As fate would have it, Hill had also envisioned a King of the Hill cameo. “Great and/or twisted minds think alike,” he explains. “I say this because long before they asked me to portray Hank’s cousin Dusty, I was a big fan of the show. I‘m from near Dallas, where the show is set, and I told my wife they should ask me to play a relative since the last name was already there. I mean, I know those characters as real people who I grew up with, including Bobby – you know: ‘That boy just ain’t right.’”
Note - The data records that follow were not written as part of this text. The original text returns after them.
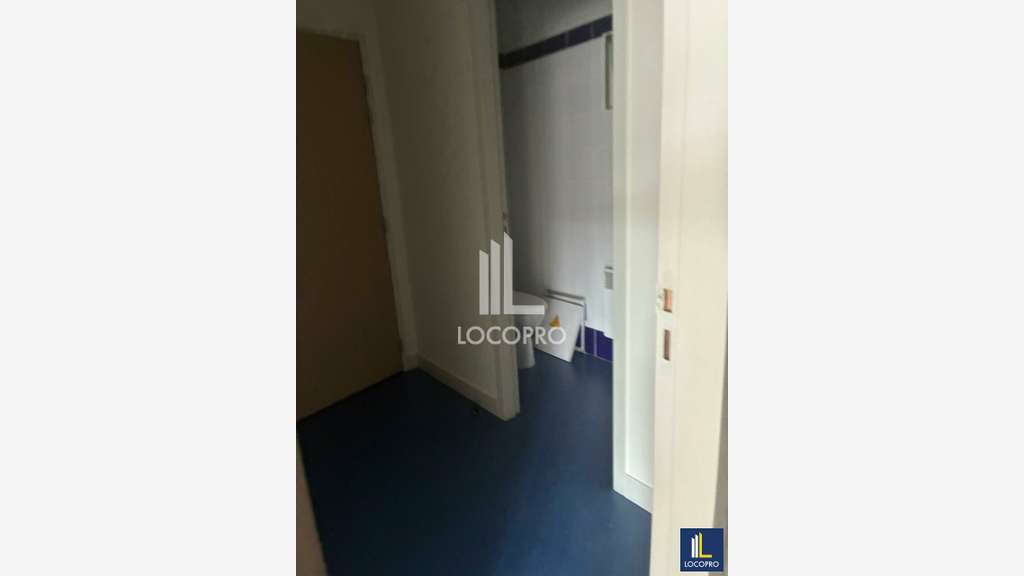 A louer bureaux 192m² artère fréquentée de Fréjus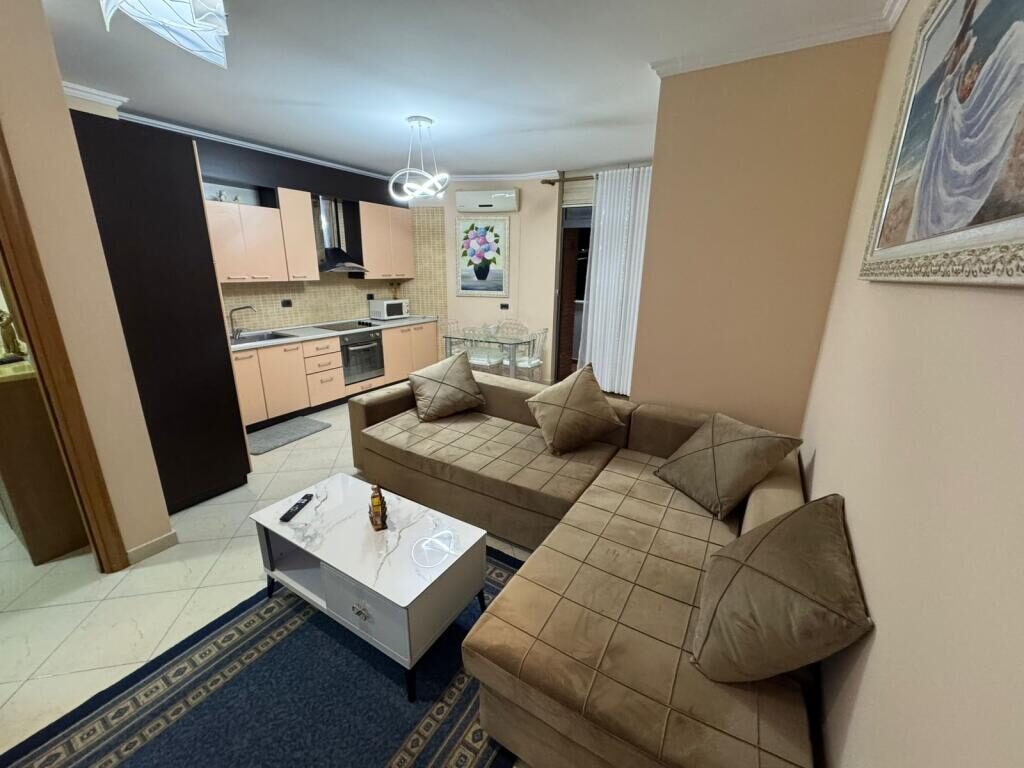 Apartament 3+1, 150 m², Rruga Haxhi Kika, Kati 3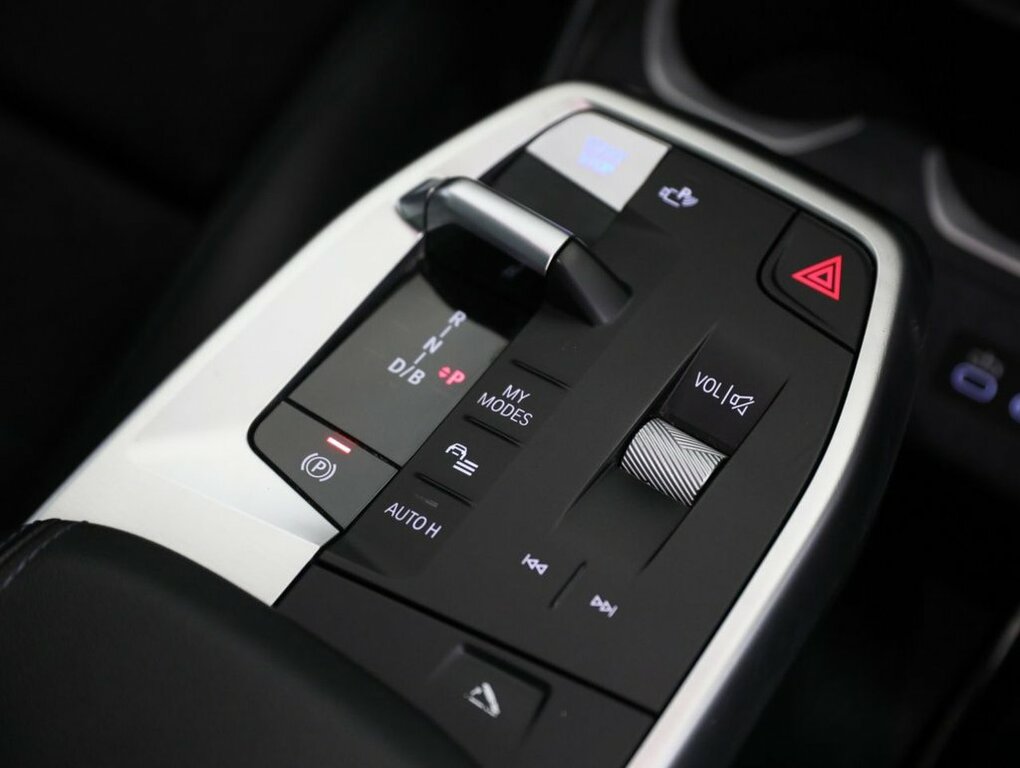 BMW iX2 Ix2 Edrive20 M Sport Blue #26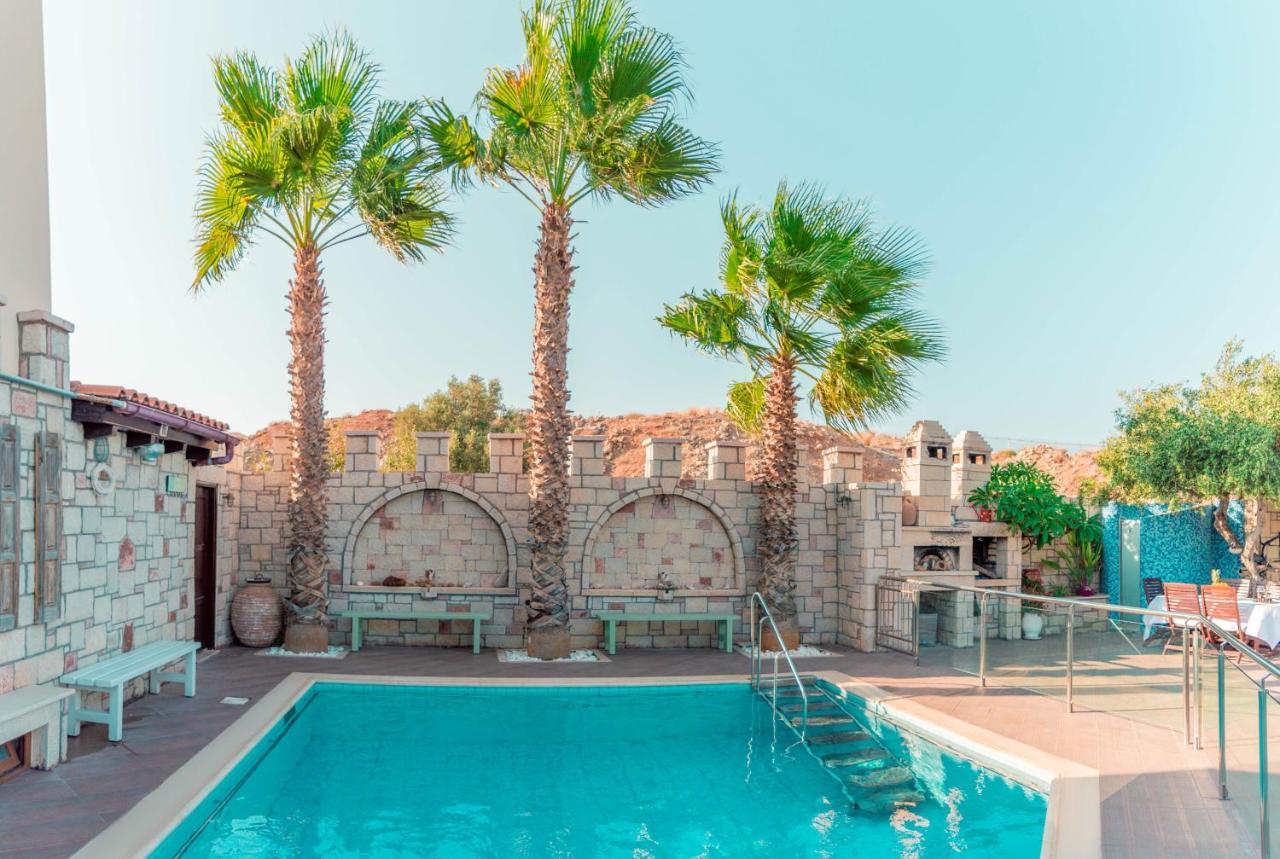 Luxury Villa Картерос Екстериор снимка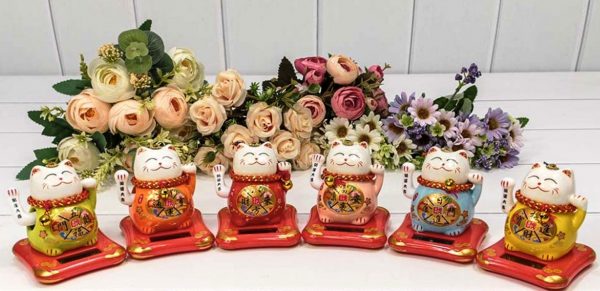 манеки неко с правой лапой (2)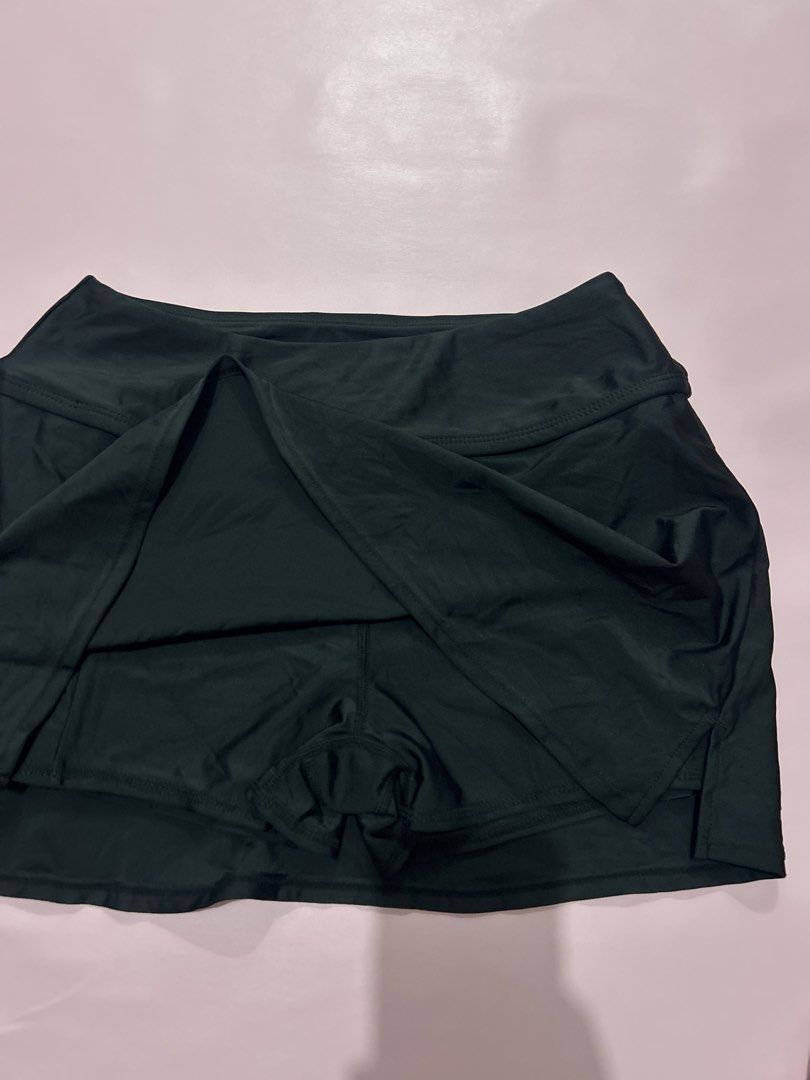 Hurley Active Skort (Category: Activewear) located in Manila. Submitted by chen_clybelles (Listing ID 1463453619, Image 2). Description: XS to S.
The episode’s story revolved around Dusty, Hank’s erstwhile cousin, unexpectedly visiting Arlen to claim a Cadillac which previously belonged to Hank’s father. The rocker arrives with a reality TV crew in tow, filming a new series called Behind the Beard. The reality show’s producer (voiced by Will Arnett) encourages the bassist – along with ZZ Top bandmates Billy Gibbons and Frank Beard – to continually prank Hank, because his enraged reactions are TV gold. As such, the band is seen engaging in shenanigans throughout the entire episode.
“The animated version is pretty similar to the real thing,” Hill admits when comparing the cartoon ZZ Top their real-life counterparts. “I mean, we’re a rock ‘n’ roll band, and that’s predicated on everybody having a good time. My philosophy is that you gotta smile and enjoy yourself. That’s the rock band sensibility that attracted us to this in the first place.”
The bassist notes that “the other cast members and crew people were supportive and very welcoming” during his King of the Hill experience, adding that he even recorded some of his lines “from a hotel room in Louisville where [ZZ Top] were staying to see the Kentucky Derby.”
On April 1, 2007, the episode titled “Hank Gets Dusted” premiered on Fox. The real ZZ Top tuned in and excitedly watched every frame.
“When it debuted on TV, we happened to be in Las Vegas, and we were in a big hotel suite with a big-screen TV,” Dusty recalls. “We invited a bunch of friends over to view it and ordered pizza from room service. By the time the guy came up to deliver the food, it was the middle of the episode. He saw what was on the screen, and he saw me and did a double take. He was impressed to be in the company of a cartoon character and watched the rest of it with us. When it aired, the phone started ringing with calls from friends and family who were so excited. When the episode reruns, I can still count on hearing from people who catch it.”
Almost exactly one year after the King of the Hill episode first aired, ZZ Top and Judge were both inducted into the Texas Hall of Fame during a ceremony. Hill admits the group reminisced about “Hank Gets Dusted,” though the night “was kind of overwhelming for us, and I’m sure it was for Mike, as well.”
Still, the rocker confesses that his King of the Hill moment remains a career highlight. “I loved being an animated character,” he says. “Among my most treasured possessions are some original animation cells from the show.”